The General Land Office Building, completed in 1857, in Austin, Texas is the oldest surviving state government office building in the city and the first building designed by a university-trained architect (German architect Christoph Conrad Stremme). The building features a dramatic medieval castle style known as Rundbogenstil, or "rounded arch" around the windows and doors. There is also a Norman style influence in the castle-like parapets. The exterior walls are limestone rubble smoothed over with stucco and scored to simulate cut stone blocks.

The building is located on the southeast corner of the Texas State Capitol grounds. One employee, William Sidney Porter - pen name O. Henry Porter - worked in the office from 1887 to 1891, and would later attain fame as a writer. Some of his works would include those set at the building, such as "Bexar Script No. 2692" and "Georgia's Ruling".

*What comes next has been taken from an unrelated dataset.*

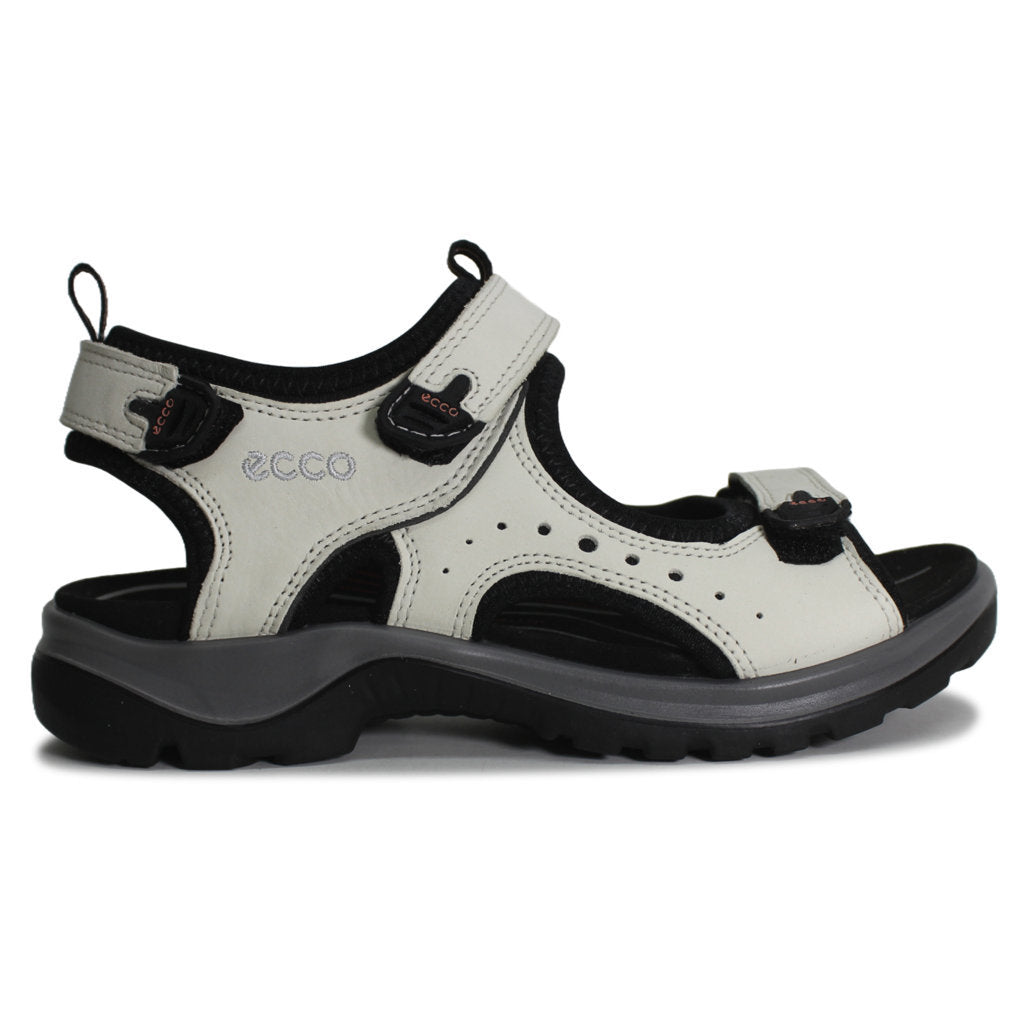 Ecco Offroad Nubuck Leather Womens Sandals#color_shadow white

The building functioned as the state's land office building until 1917 (60 years) when the agency moved to a larger building across the street. From 1919 until 1988 (70 years) the building housed museums run by the Daughters of the Republic of Texas on the second floor, and the United Daughters of the Confederacy on the first floor.
The building was modified during the mid-20th century but was vacated, then restored between 1989 and 1992. The project returned the building's interior and exterior to resemble its late 19th-century appearance.

Today, it serves as the Capitol Visitors Center, offering exhibits and tours about the Texas State Capitol. There is also a Texas Department of Transportation Travel Center that offers free maps and literature on travel destinations throughout the state.

The building was designated a Recorded Texas Historic Landmark in 1962 and listed on the National Register of Historic Places on August 25, 1970.